Within the DLB group, most cases showed a full (4/4) response (n = 41, 87.2%), 4 a 3/4 positivity (8.5%), and 2 a 2/4 response (4.2%). We found a significantly lower percentage of 4/4 (n = 5, 33.3%, p < 0.001) response and a higher prevalence of 3/4 (n = 6, 40%, p = 0.009) and 2/4 (n = 4, 26.7%, p = 0.026) responses in AD patients compared to those with DLB.

After stratifying the AD subgroup according to α-syn co-pathology, we found no significant difference in demographic features or plasma biomarker levels (Table 5).

In the overall disease cohort, all plasma biomarkers were associated with CDR score (p < 0.001) and impairment of daily life activities (p < 0.001).

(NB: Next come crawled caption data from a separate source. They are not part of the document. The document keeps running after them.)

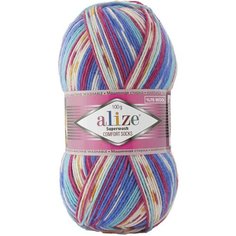 Пряжа Alize Superwash comfort socks белый-синий-бирюзовый-цикламен (7654), 75%шерсть/25%полиамид, 420м, 100г, 3шт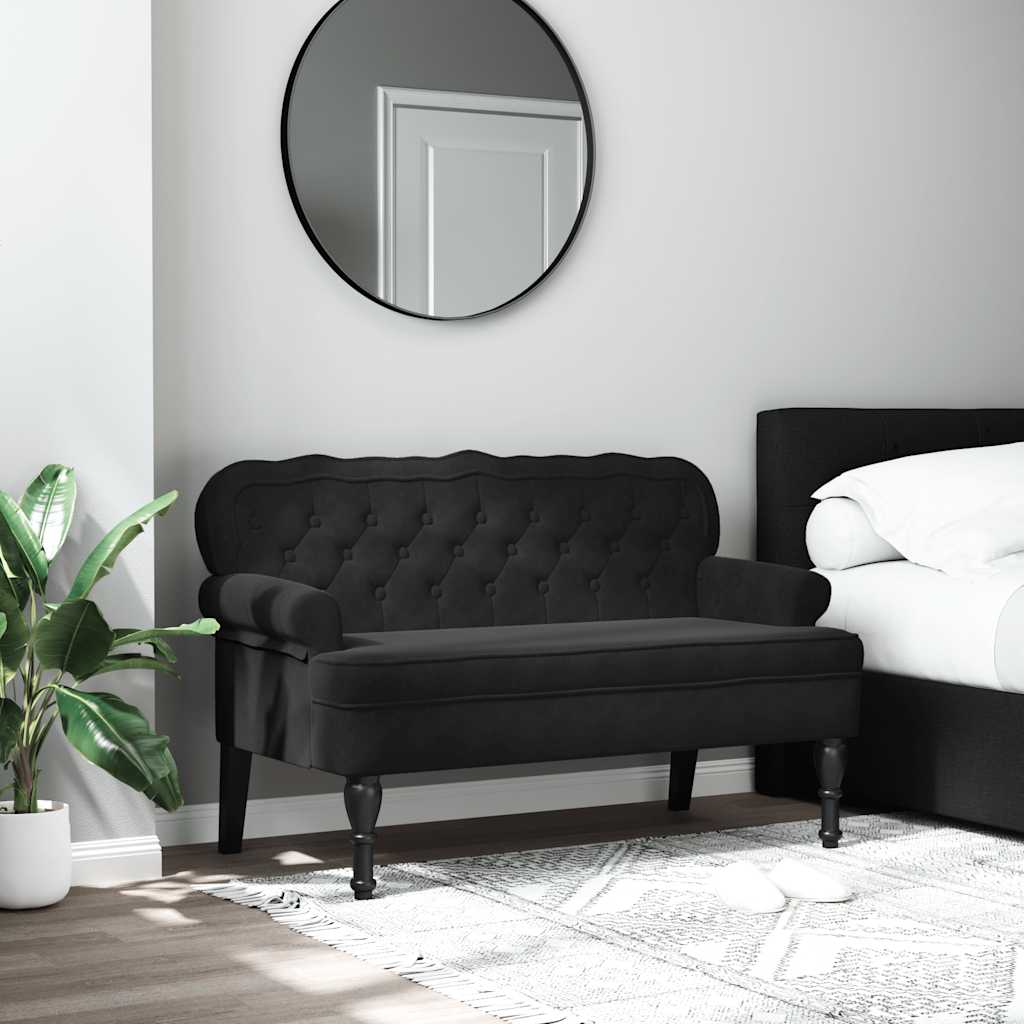 Klupa s naslonom Crna 119,5x64,5x75 cm Baršunasta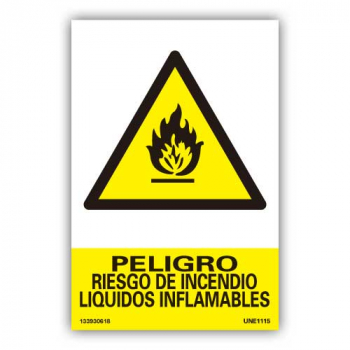 Placa "Peligro Riesgo de Incendio..."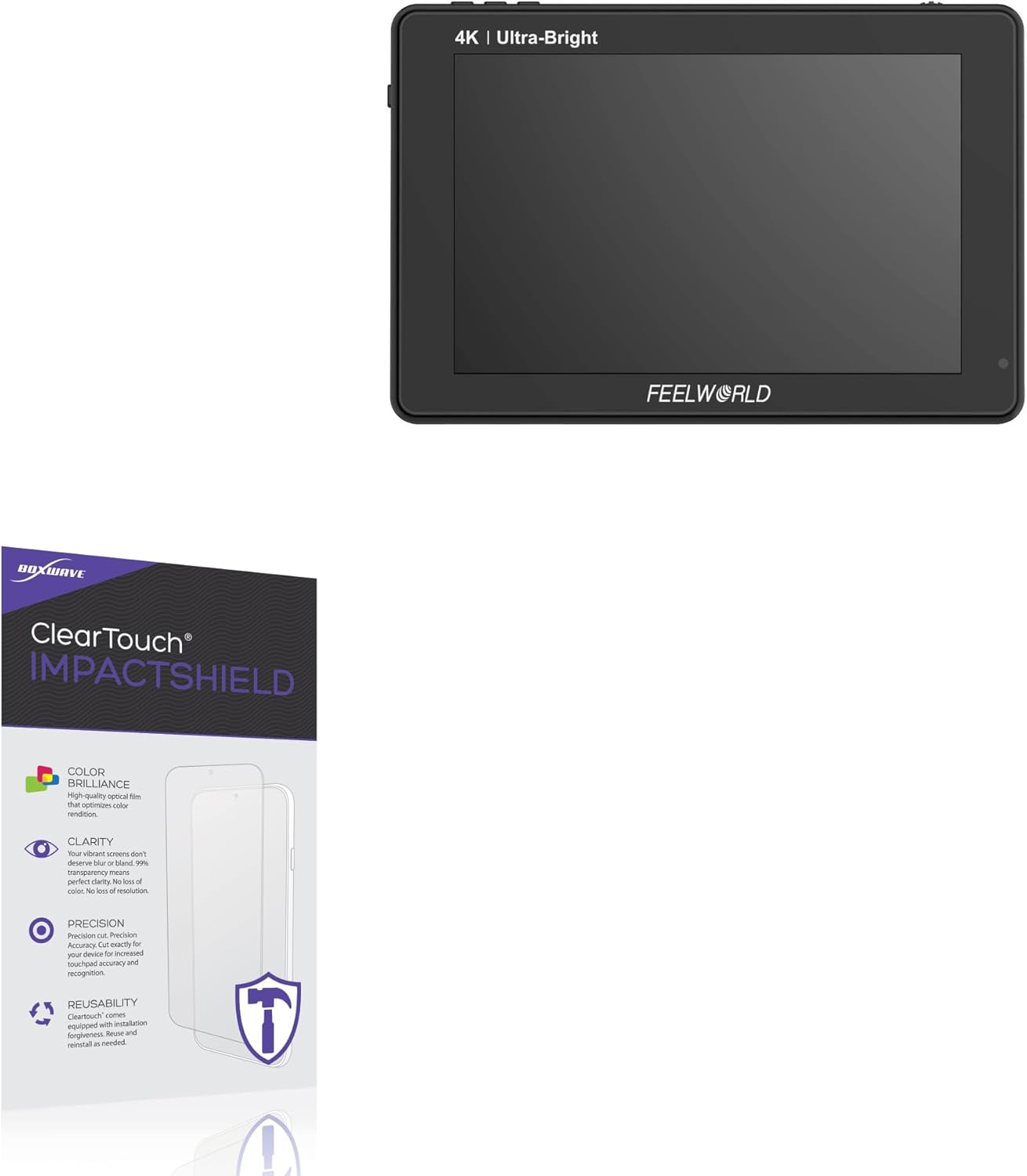 BoxWave Screen Protector Compatible With FeelWorld LUT7SPRO - ClearTouch ImpactShield (2-Pack), Impenetrable Screen Protector Flexible Film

Additionally, we found that both p-tau181 and GFAP values were negatively associated with MMSE score (rho = − 0.269, p < 0.001, and rho = − 0.294, p < 0.001, respectively). The BBDM score was correlated only with GFAP (rho = − 0.194, p = 0.008), while p-tau181 was associated with the APOE ε4 status (p = 0.001). In the SNAP group, plasma NfL levels were higher in individuals with impairment of daily life activities (p = 0.054) and correlated with the MMSE (rho = − 0.327, p = 0.028) and CDR scores (rho = 0.304, p = 0.016). Of note, after stratifying the DLB group according to the amyloid status, we found a lower mean MMSE score in the DLB A+ group than in DLB A− (Table 4), indicating a possible contribution of AD co-pathology worsening cognitive performance.